Short web captions:

····················

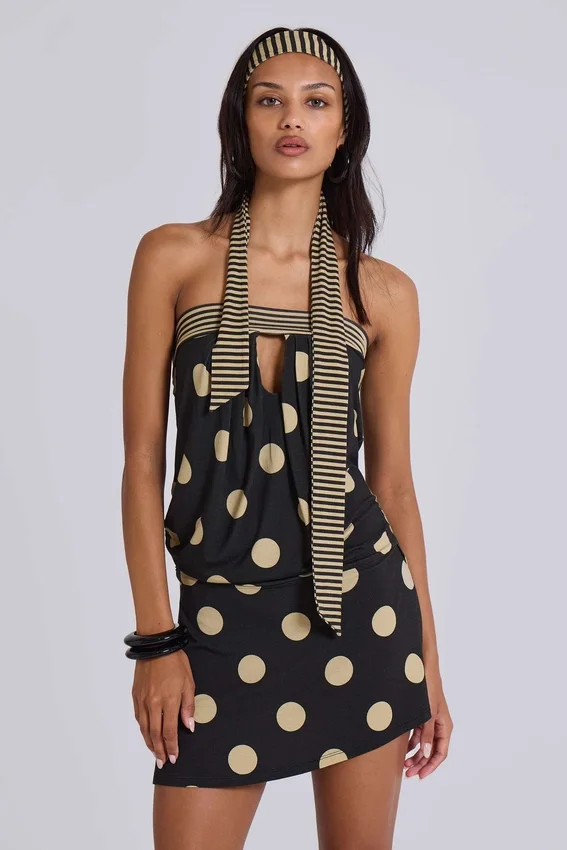 Lola strapless mini-jurk met stippen en strepen
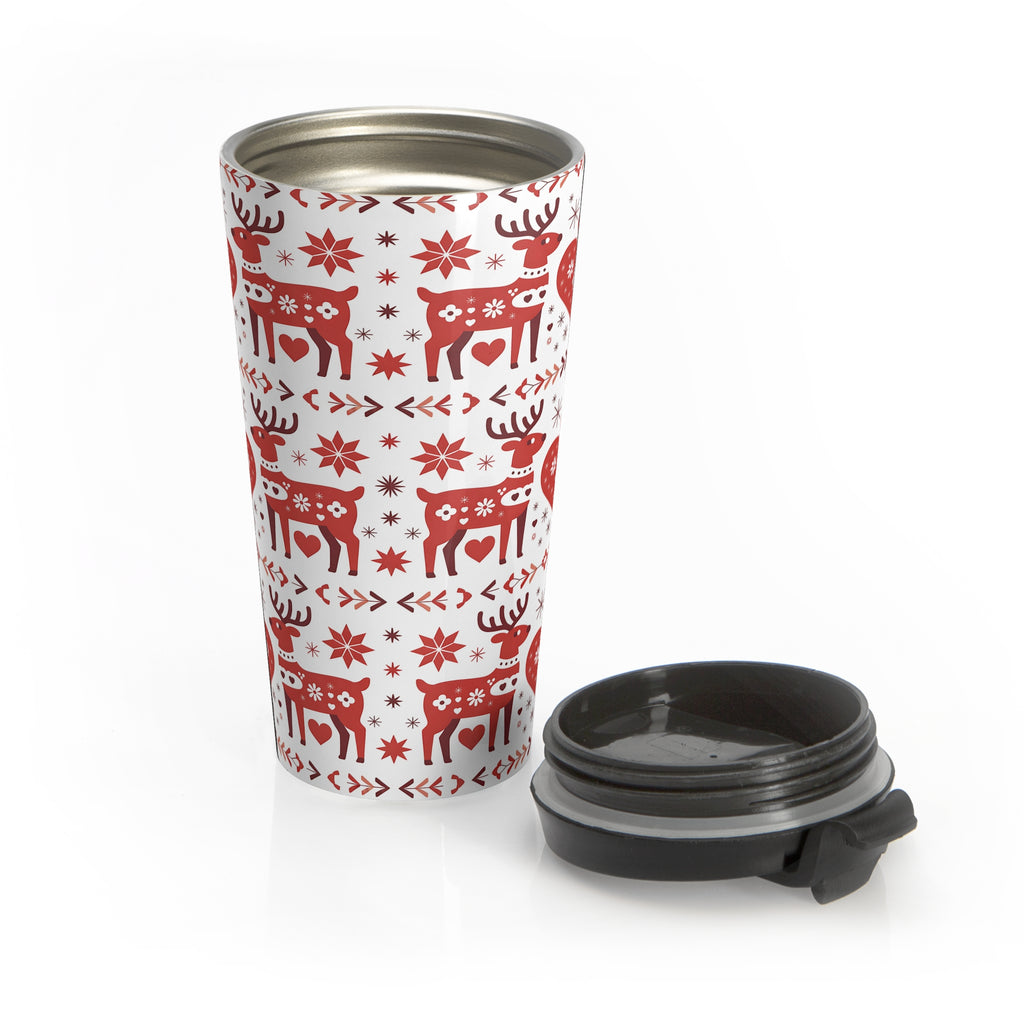 Red Scandinavian Reindeer Pattern Insulated Travel Mug | Nordic Christmas Mug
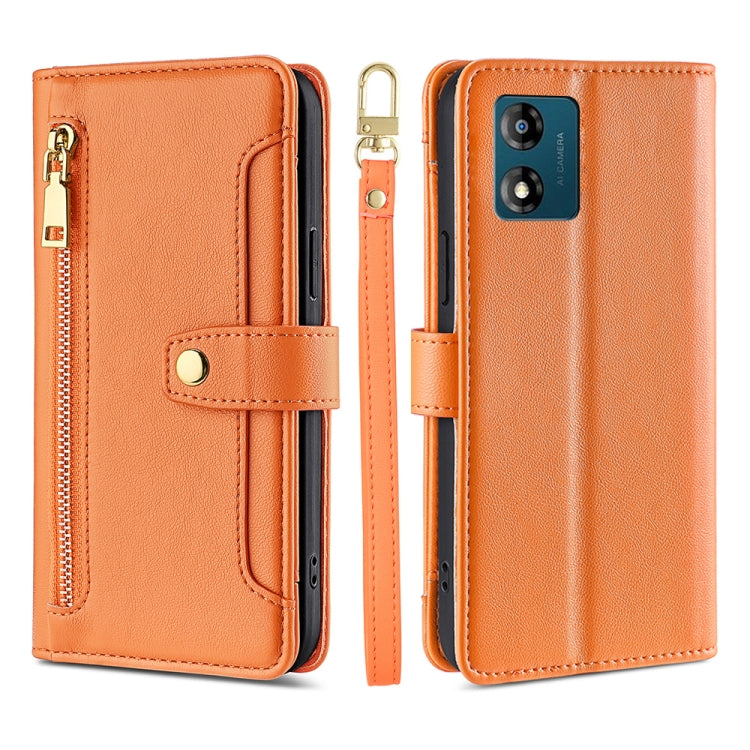 For Motorola Moto E13 4G Sheep Texture Cross-body Zipper Wallet Leather Phone Case(Orange) - Motorola Cases by PMC TechLife | Online Shopping South Africa | PMC TechLife | Buy Now Pay Later Mobicred
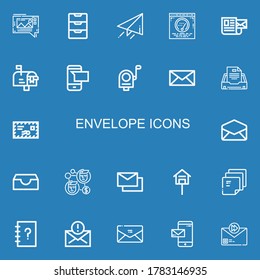 Bearbeitbar 22 Umschlagsymbole für Web und Mobile. Briefumschlag mit den Symbolen der Linie Mms, Inbox, Senden, Post, Mail, Postfach, Postfach, SMS, E-Mail, Kontakt, Mails, Post auf blauem Hintergrund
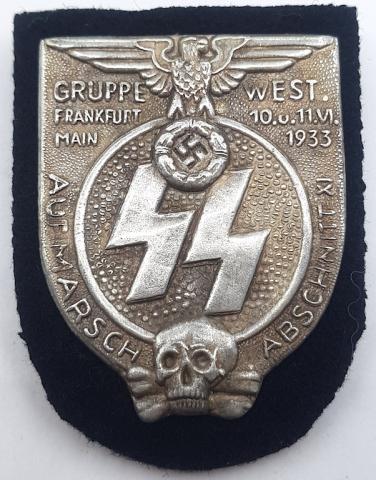 WW2 GERMAN NAZI EARLY 1933 WAFFEN SS PANZER GRUPPE COMMEMORATIVE SHIELD BADGE TOTENKOPF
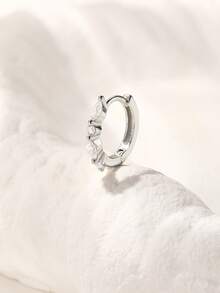 1pc 925 Sterling Silver Small Hoop Earrings With Cubic Zirconia, 18K White Gold Plated Cartilage Earrings For Women And Men, Jewelry Small Hoop Earrings - Style 3 - View 4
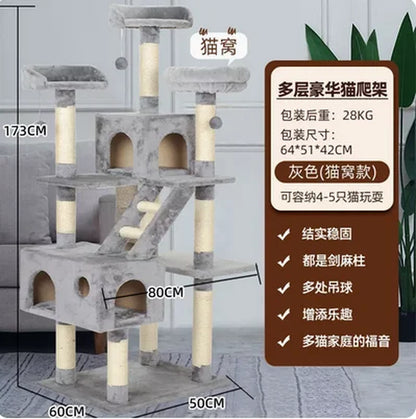 Cat Climbing Frame, Cat Nest, Cat Tree, Integrated Frame, Cat Grabbing Board, Large Grabbing Column, Villa, Cat Cat Frame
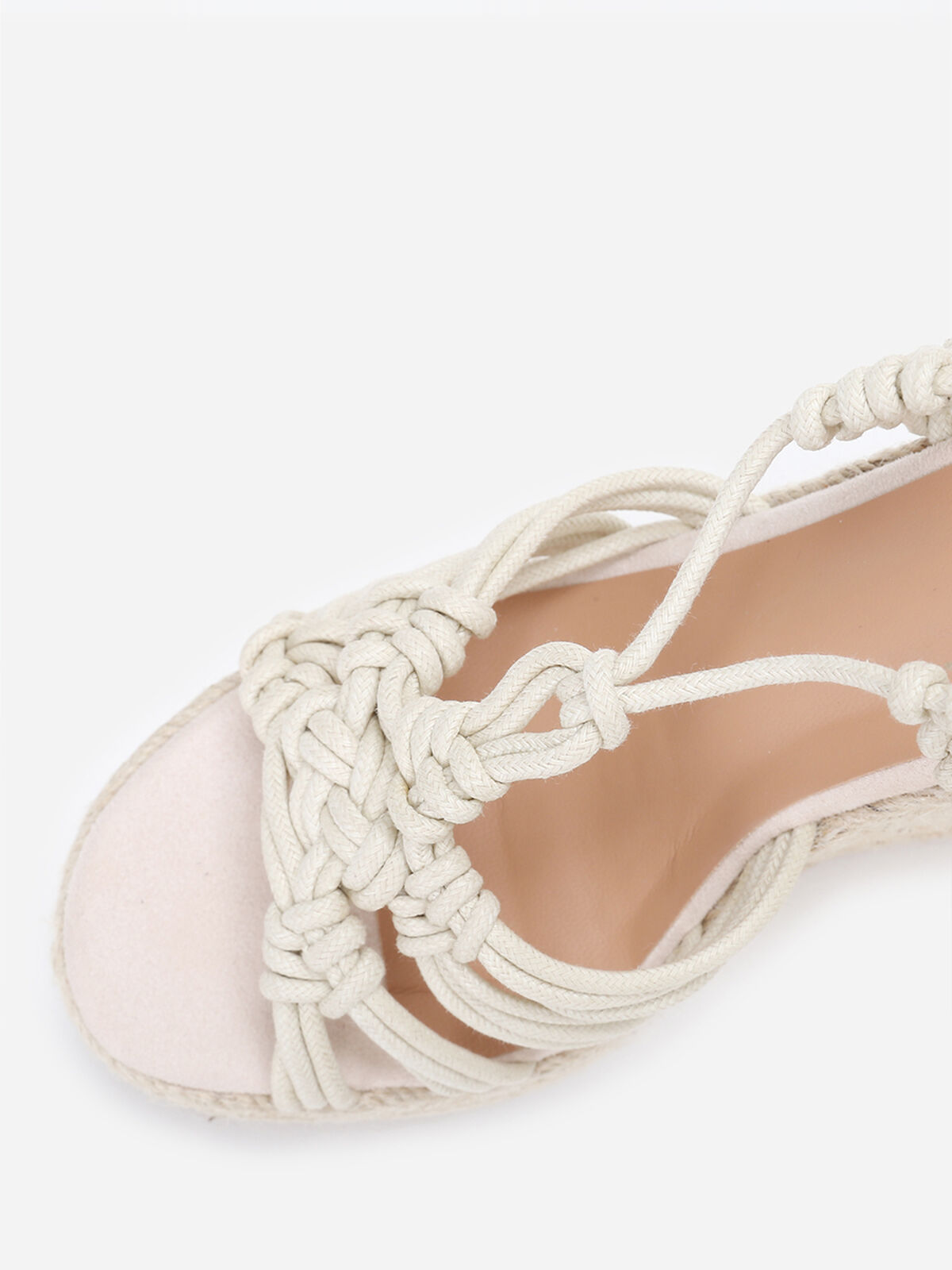 Sandales compensées à fines brides nouées- Beige clair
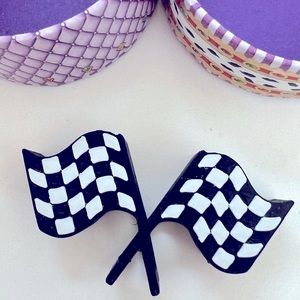 DISNEY CARSLAND CHECKERED FLAG STRAW-TOPPER NWOT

····················

**Work instruction:**
Transcribe the lines that run from the line bearing "1pc 925 Sterling" through the last line of the data. Keep the wording exact and leave out every picture.

**Output below:**
 1pc 925 Sterling Silver Small Hoop Earrings With Cubic Zirconia, 18K White Gold Plated Cartilage Earrings For Women And Men, Jewelry Small Hoop Earrings - Style 3 - View 4
 Cat Climbing Frame, Cat Nest, Cat Tree, Integrated Frame, Cat Grabbing Board, Large Grabbing Column, Villa, Cat Cat Frame
 Sandales compensées à fines brides nouées- Beige clair
 DISNEY CARSLAND CHECKERED FLAG STRAW-TOPPER NWOT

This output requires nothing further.